Memang, pada saat itu arus studi saya hanya berorientasi pada istilah “go with the flow” saja. Teman memilih IPA, ya sudah diikuti saja tanpa ada pemikiran mengenai apa yang sebenarnya saya inginkan. Konsekuensi memilih jurusan IPA pun tak terbesit sama sekali. Untuk belajar saja rasanya butuh usaha yang sangat ekstra. Satu hal yang saya pahami betul-betul adalah kecintaan saya terhadap Bahasa Inggris dan bagaimana saya mengaplikasikannya pada interaksi-interaksi yang saya lakukan dengan orang luar negeri baik virtual mau pun realita.

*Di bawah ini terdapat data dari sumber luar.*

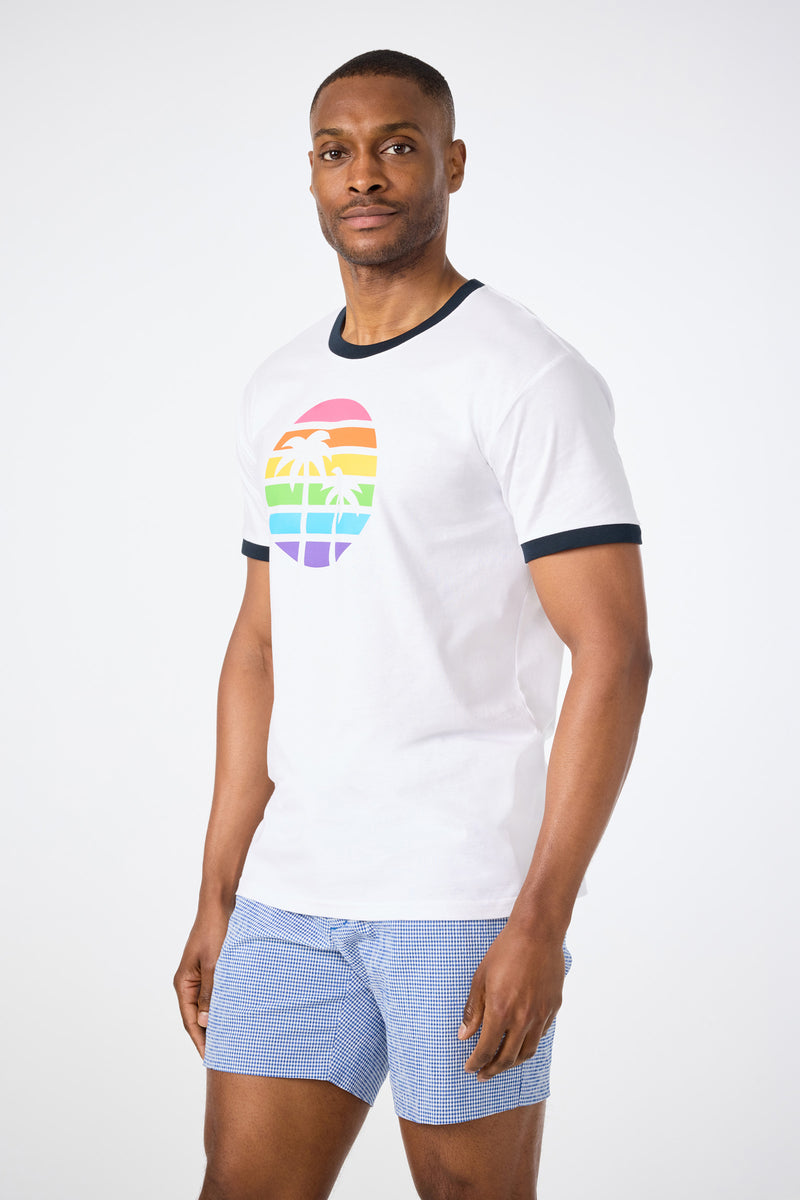 A man stands against a plain background wearing the Short-Sleeve Crewneck T-Shirt - Pride, featuring a rainbow palm tree graphic, and blue checkered shorts. He faces the camera with a neutral expression.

Pada masa-masa akan berakhirnya studi saya di SMA, saya diberikan kesempatan untuk mengikuti sebuah lomba debat bahasa inggris. Dengan topik-topik bertemakan permasalahan sosial yang disediakan, akhirnya saya menemukan hal lain yang menarik perhatian saya. Tak hanya itu, sebuah buku mengenai interaksi antar negara dan kejahatan transnasional (transnational crimes) yang tanpa sengaja saya temukan di sebuah toko buku pun turut membimbing saya yang pada akhirnya tidak berorientasi “go with the flow” lagi, melainkan “go against the flow” dengan memutuskan untuk memilih jurusan Hubungan Internasional di tingkat perguruan tinggi.

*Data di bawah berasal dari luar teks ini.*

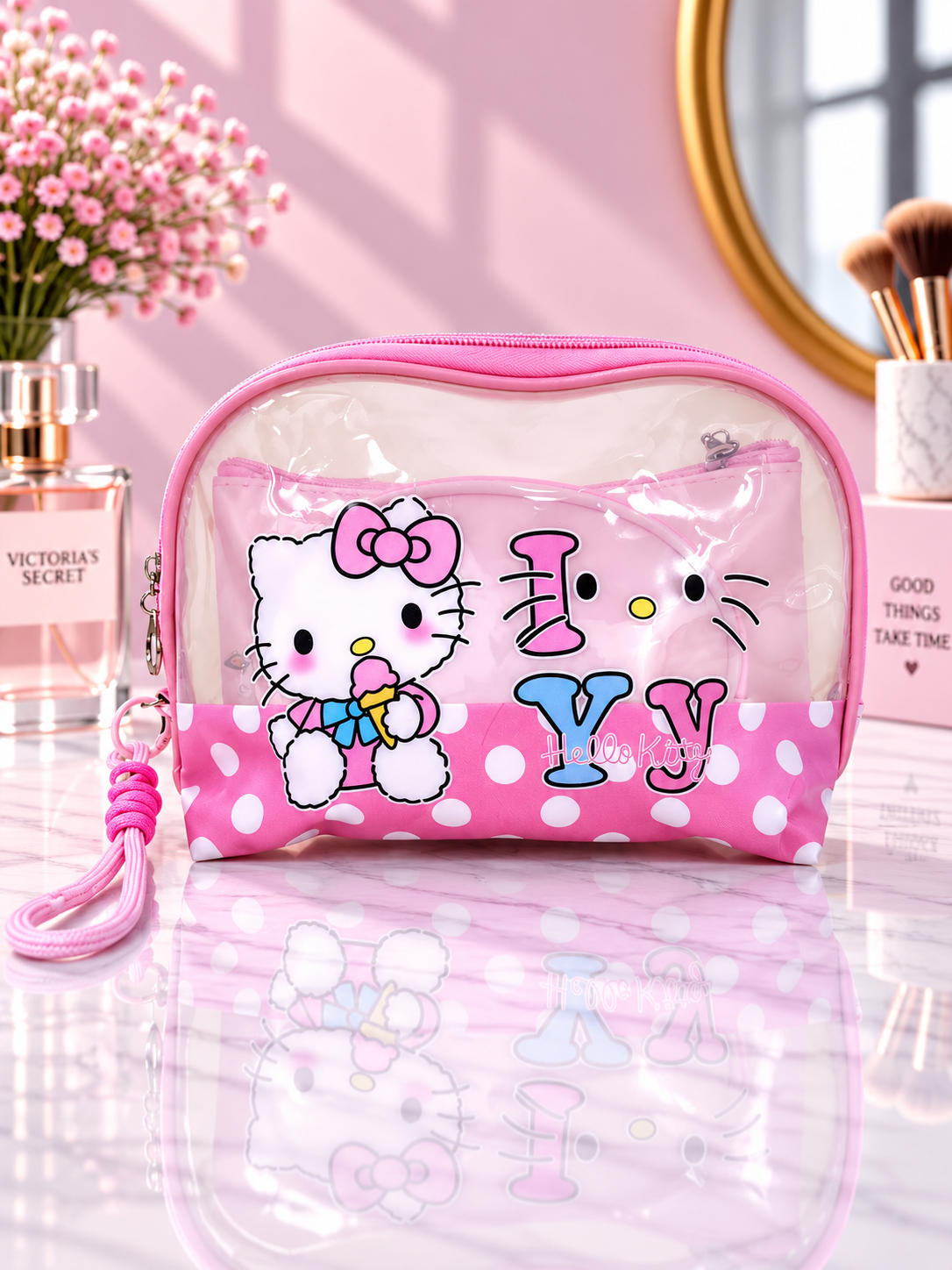 Pink polka dot Hello Kitty 3-in-1 cosmetic organizer bag with clear zip pouch and wrist strap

Sulit, lelah, dan perasaan-perasaan emosional lain turut mengiringi perjalanan saya untuk bisa sekolah di Universitas yang akan menjadi jembatan dalam menggapai impian-impian saya. Hal yang sangat saya syukuri kala itu ialah dukungan-dukungan dari keluarga saya yang sangat luar biasa. Meski pun mereka memiliki pilihan ideal mereka sendiri untuk saya mengenai jurusan di perguruan tinggi, namun mereka lebih menghargai dan mempercayakan pilihan saya. Kepercayaan mereka itulah yang sampai saat ini saya jadikan sumber motivasi untuk terus berkembang.

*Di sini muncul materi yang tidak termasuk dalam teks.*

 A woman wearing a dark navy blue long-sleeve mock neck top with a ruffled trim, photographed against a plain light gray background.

Setelah saya menemukan jembatan impian tersebut, ternyata saya mendapat tantangan baru. Pada akhirnya saya memahami apa yang McClelland sebut sebagai Need of Achievment atau kebutuhan akan pencapaian. Lantas mengapa hal tersebut saya jadikan sebagai tantangan?. Sebagai orang yang baru memahami keinginan akan pencapaian, saya menemukan berbagai kesulitan dalam memenuhi kebutuhan tersebut. Selama ini, saya hidup dalam zona nyaman yang menutup segala kesempatan yang seharusnya saya ambil. Diam di tempat dan tak mengeluarkan ide adalah singgasana dari zona nyaman saya.
Namun, saya sedikit demi sedikit dapat mengatasinya dengan motivasi dari kepercayaan dari keluarga. Selain itu, pada suatu kesempatan sebagai interviewer di salah satu UKM di kampus, saya mendapat motivasi lain mengenai betapa berharganya menempuh studi di jurusan yang diinginkan. Mahasiswa yang saya wawancarai pada saat itu mengatakan bahwa sebenarnya dia tidak ingin kuliah di jurusan yang saat ini dia tempuh. Kemudian dia menyebutkan jurusan impiannya dan menceritakan bagaimana masalah finansial menjadi hambatannya untuk kuliah di jurusan tersebut.
Hal tersebut sangat menyentuh hati saya. Saya yakin bahwa di luar sana banyak orang yang ingin memiliki hak dan kewajiban sebagai mahasiswa di jurusan yang saya tempuh sekarang ini. Namun dengan berbagai hambatan, mereka tidak bisa mewujudkannya. Oleh karena itu, saya semakin bersyukur untuk dapat menempuh studi yang diinginkan. Dan hal inilah yang terus saya jadikan motivasi untuk terus berupaya mengambil segala kesempatan dan menjadi representasi mereka yang tak bisa menempuh studi yang saya tempuh saat ini dengan belajar sungguh-sungguh.
Jika melihat kembali ke belakang, saya bersyukur untuk berada pada posisi saya saat ini. Begitu banyak perkembangan yang terjadi pada saya, walau tentunya masih banyak kekurangan yang harus saya benahi. Karena sejatinya, perkembangan diri menurut saya akan hadir ketika diri sudah memformulasikan dan menemukan visi yang diimplementasikan dalam misi yang dikonstruksi. Abraham Lincoln pun pernah berkata bahwa “The best way to predict the future is to create it.”. So, find and always develop yourself to achieve your goals in life!